Et nous n’inventons pas une forme d’organisation du travail, nous l’empruntons toute faite au capitalisme : banques, cartels, usines modèles, stations expérimentales, académies, etc. ; il nous suffira d’emprunter les meilleurs types d’organisation à l’expérience des pays avancés. Et, naturellement, nous ne tomberons pas le moins du monde dans l’utopie, nous n’abandonnerons pas le terrain du calcul le plus sensé et le plus pratique, si nous disons : la classe capitaliste dans son ensemble opposera la résistance la plus acharnée, mais l’organisation de la population tout entière dans les Soviets brisera cette résistance, et il faudra, cela va de soi, punir par la confiscation de tous leurs biens et par la prison les capitalistes particulièrement obstinés et récalcitrants. » (Lénine, « Les bolchéviks garderons-ils le pouvoir ? » [Octobre 1917], Œuvres, t. 26, pp. 81-134, je souligne).

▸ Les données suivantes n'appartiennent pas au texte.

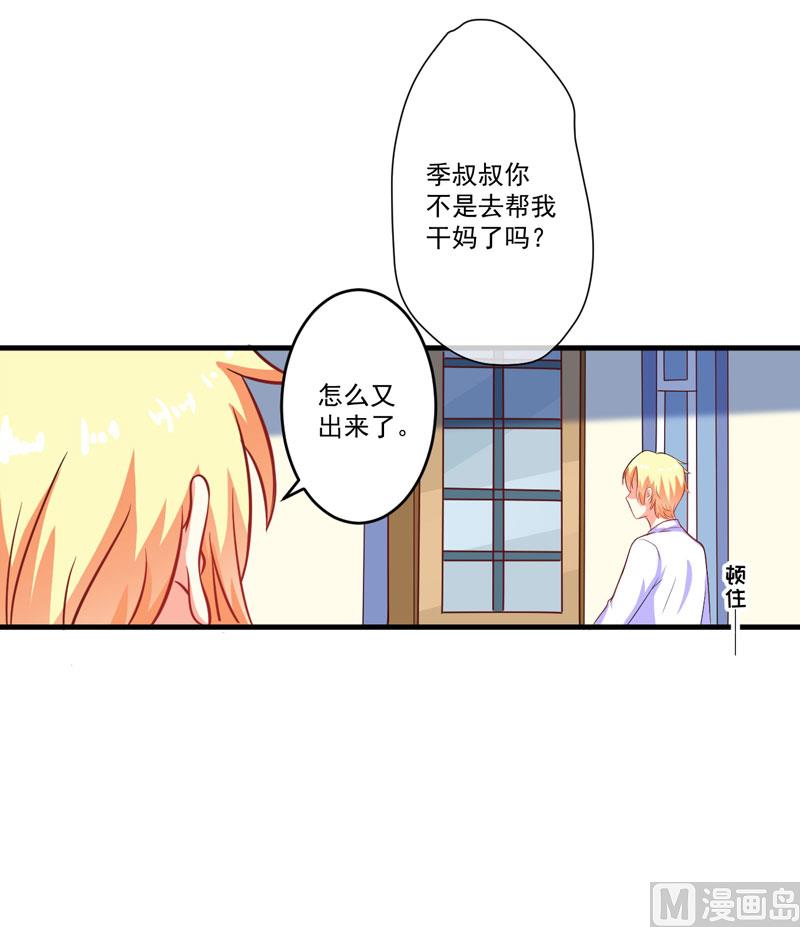 第51话 傻爹地终于发现不对了-第51话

« Dans toute révolution socialiste, lorsque le prolétariat a réglé le problème de la prise du pouvoir, et à mesure que s’accomplit, dans ses grandes lignes, la tâche qui consiste à exproprier les expropriateurs et à écraser leur résistance, une tâche essentielle passe inéluctablement au premier plan : réaliser une structure sociale supérieure à celle du capitalisme, c’est-à-dire augmenter la productivité du travail et, en rapport avec cela (et pour cela), organiser le travail sur un mode supérieur. […]
Pour atteindre l’essor économique, il faut encore développer la discipline des travailleurs, leur habileté au travail, leur diligence, intensifier et mieux organiser le travail. […] L’avant-garde la plus consciente du prolétariat de Russie s’est déjà assigné la tâche de développer la discipline du travail. […] Il faut inscrire à l’ordre du jour, introduire pratiquement et mettre à l’épreuve le salaire aux pièces ; appliquer les nombreux éléments scientifiques et progressifs que comporte le système Taylor, proportionner les salaires au bilan général de telle ou telle production ou aux résultats de l’exploitation des chemins de fer, des transports par eau, etc., etc. […] Comparé aux nations avancées, le Russe travaille mal. […]
Apprendre à travailler, voilà la tâche que le pouvoir des soviets doit assigner au peuple dans toute son ampleur. Le dernier mot du capitalisme sous ce rapport, le système Taylor, de même que tous les progrès du capitalisme, combine la cruauté la plus raffinée de l’exploitation bourgeoise aux conquêtes scientifiques les plus précieuses […]. La république des Soviets doit faire siennes, coûte que coûte, les conquêtes les plus précieuses de la science et de la technique dans ce domaine […]. Nous pourrons réaliser le socialisme justement dans la mesure où nous aurons réussi à combiner le pouvoir soviétique et le système soviétique de gestion avec les plus récents progrès du capitalisme. […] Il faut […] que l’in use des moyens de contrainte, de façon que le mot d’ordre de dictature du prolétariat ne soit pas discrédité par l’état de déliquescence du pouvoir prolétarien dans la vie pratique […].
Il faut dire que toute grande industrie mécanique, qui constitue précisément la source et la base matérielle de production du socialisme, exige une unité de volonté rigoureuse […]. Mais comment assurer une rigoureuse unité de volonté ? Par la soumission de la volonté de milliers de gens à celle d’une seule. Cette soumission […] pourra revêtir des formes tranchées, dictatoriales, si la parfaite discipline et conscience font défaut » (Lénine, « Les tâches immédiates du pouvoir des soviets », Œuvres, tome 27, je souligne, cité dans Skirda 2000, pp. 109-110).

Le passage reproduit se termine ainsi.